A man was shot and killed by a federal ranger outside of Las Vegas when a routine incident escalated to deadly proportions. Two bystanders caught the whole thing on video.
D’Andre Berghardt Jr., 20, had reportedly been calling out to cyclists near the Red Rock Canyon National Conservation Area 20 miles from downtown Las Vegas last Friday, the Review-Journal reports. Two cyclists reported him to the Red Rock visitors’ center around noon.
A bystander begins filming with his cell phone as two rangers hold him at gunpoint. Berghardt appears to comply with their orders, and does not appear to be carrying a weapon.
After several minutes, a ranger sprays Berghardt with pepper spray. The officers still do not arrest him.
“It’s really interesting that they just haven’t kind of grabbed him. I guess they really want him to be compliant before they (arrest him),” the man filming can be heard saying.
“Yeah, it doesn’t look like he’s being very erratic. They should have just grabbed him,” says the other man.
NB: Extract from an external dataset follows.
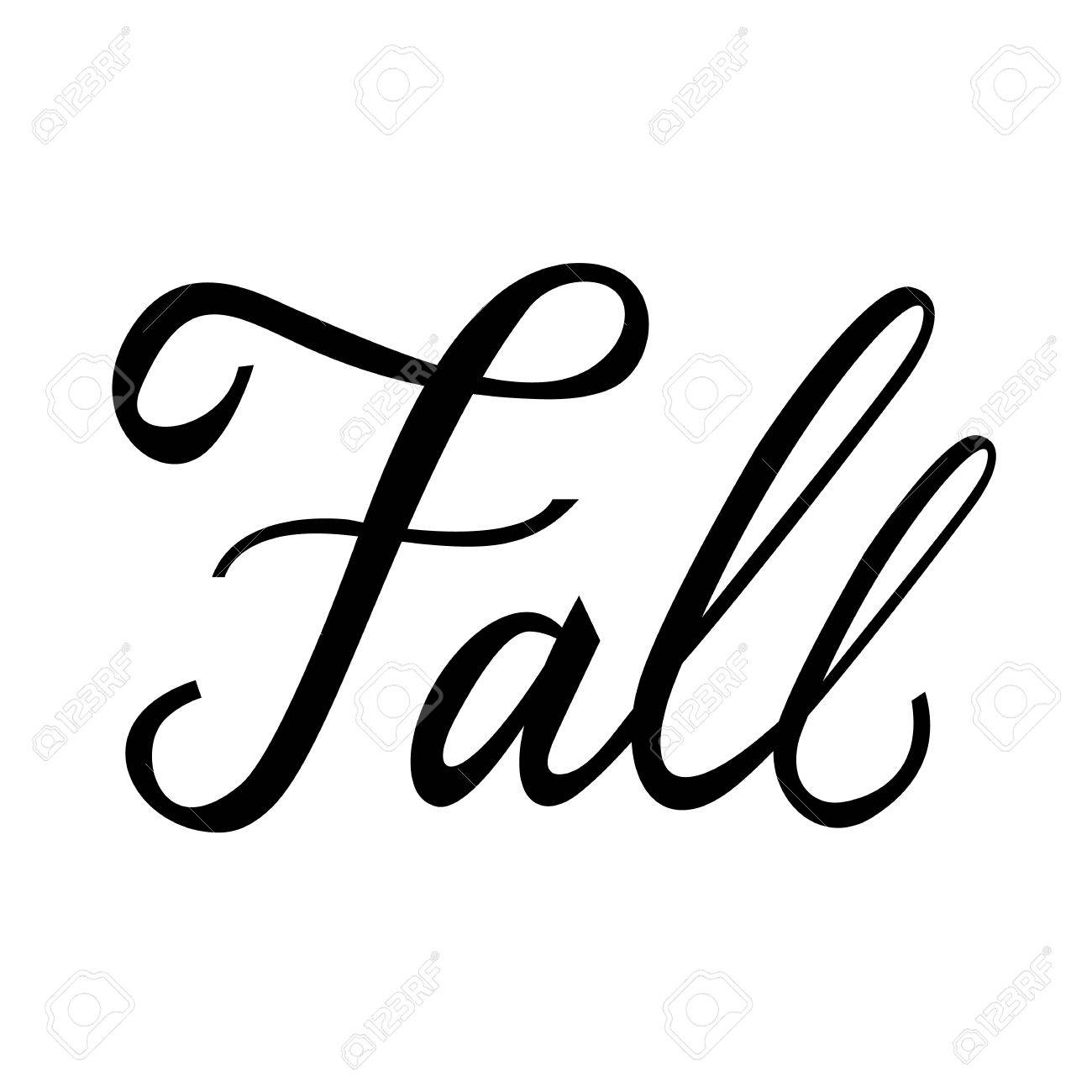 modern brush phrase fall word of autumn isolated on white background fall word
Berghardt gets into a scuffle with the ranger. A Nevada Highway Patrol Trooper arrives on the scene, and three officers chase Berghardt, who has run behind a truck.
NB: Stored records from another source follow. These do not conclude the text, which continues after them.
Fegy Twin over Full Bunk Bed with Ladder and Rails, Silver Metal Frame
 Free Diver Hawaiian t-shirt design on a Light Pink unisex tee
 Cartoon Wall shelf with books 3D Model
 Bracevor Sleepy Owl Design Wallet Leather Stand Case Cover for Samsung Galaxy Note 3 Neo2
The man filming turns off his camera, but then turns it on, telling the Review Journal that they felt “the intensity had increased.”
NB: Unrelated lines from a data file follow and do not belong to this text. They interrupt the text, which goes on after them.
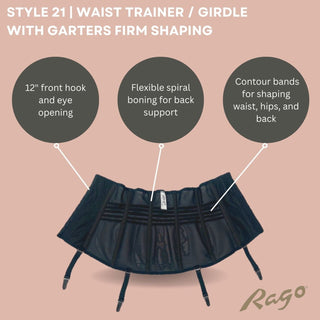 Style 21 | Waist Trainer / Girdle with Garters Firm Shaping Rago Shapewear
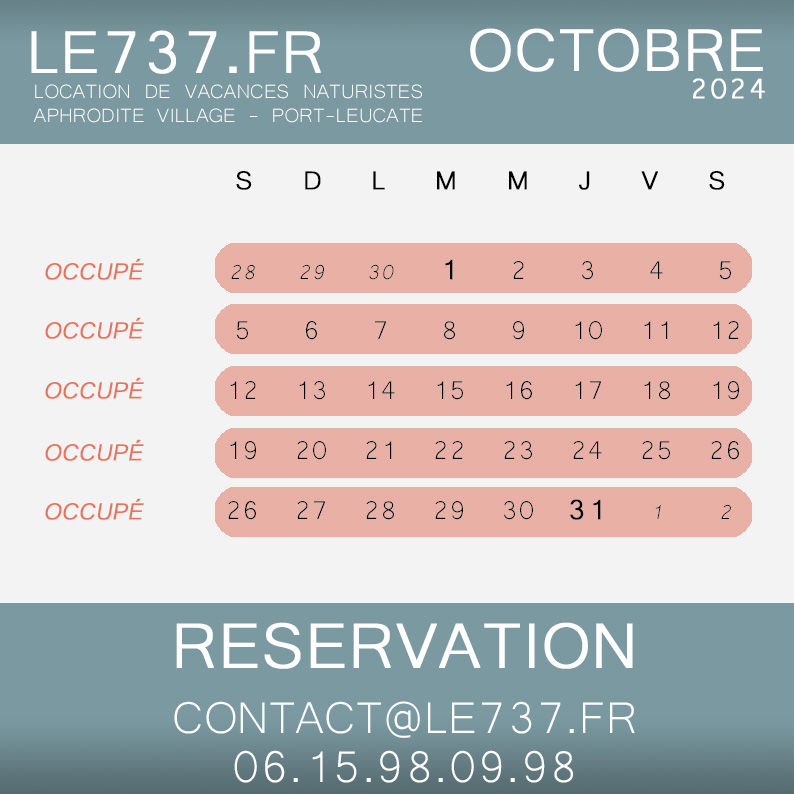 Reservation 737 octobre2024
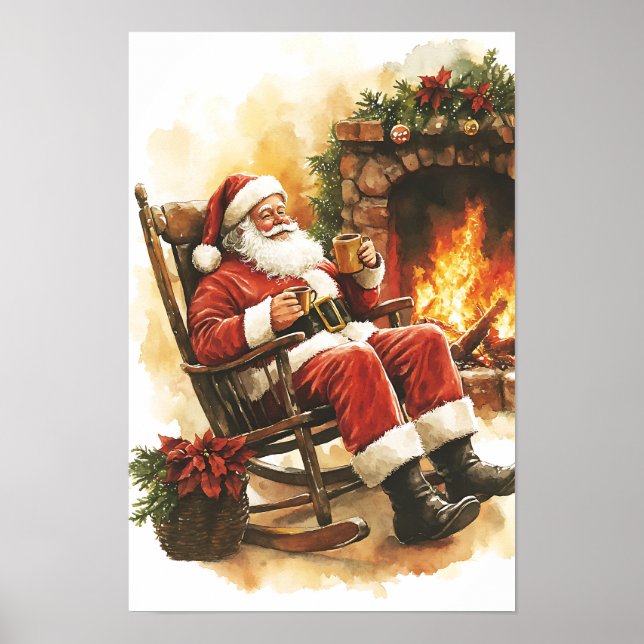 Nostalgic Vintage Christmas Santa Poster (Front)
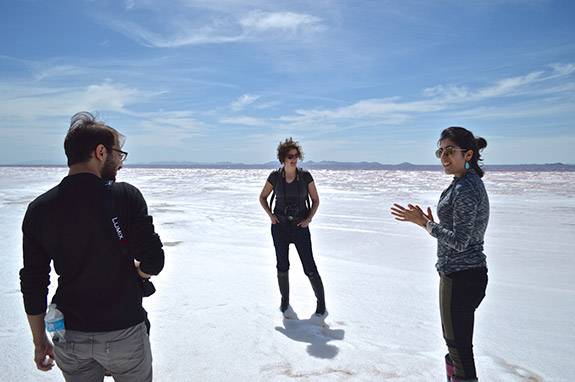 Graduate Students Spiral Jetty Professor DeLue, Shota Vashakmadze, Kimia Shahi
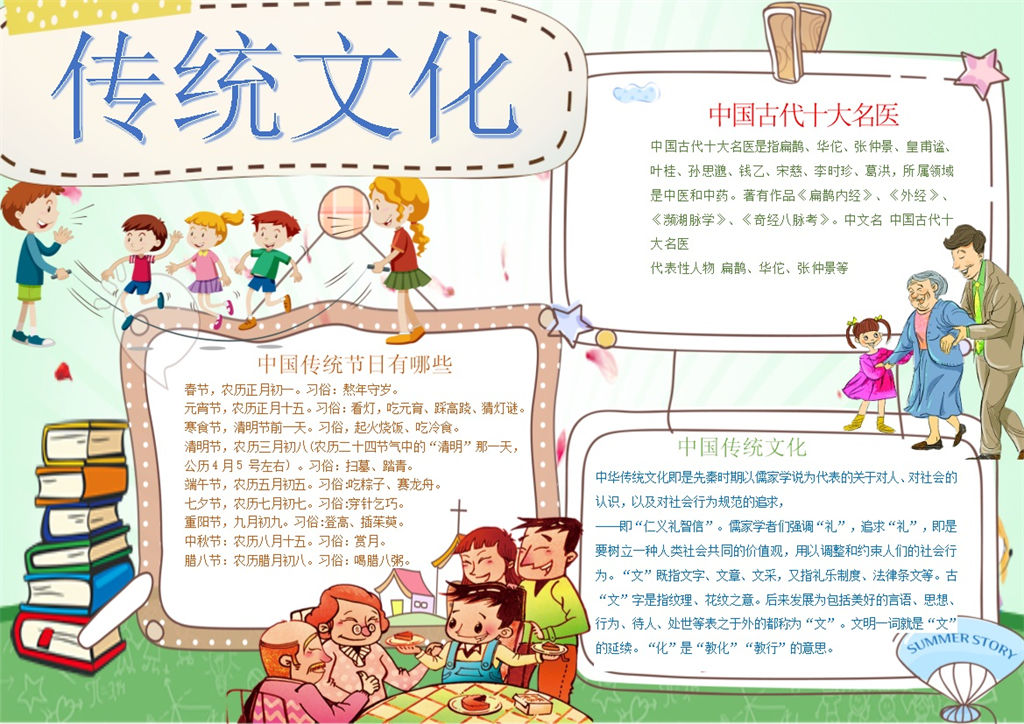 传统文化传统节日手抄报Word模板-办公资源网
“Why don’t they just cuff him and be done with it?” one of the men in the video asks. “They keep letting him get up and run away.”
The trooper backs away and then approached Berghardt, pointing a gun or a taser at Berghardt, who gets inside the SUV as the trooper slams the door. The rangers come to the driver’s side of the car and one fires eight or nine shots into the car.
Then come the shocked responses from the men behind the cell phone camera.
“These cops are not taking the prerogative to …”
“Dude, they just shot him. They just killed the dude. Holy s***. They just killed him.”
According to the Review-Journal, the officers said that Berghardt had reached for the trooper’s AR-15, which was locked in the car’s gun rack.
Retired Metro Officer Randy Sutton told FOX5 that the video wasn’t the whole story and that the officers’ actions shouldn’t be judged just yet.
"If he has access to a firearm, or could get into the vehicles and take off with that firearm, then he has to be stopped," Sutton said.
Trooper Loy Hixson said Friday the officers “felt their lives were in danger.”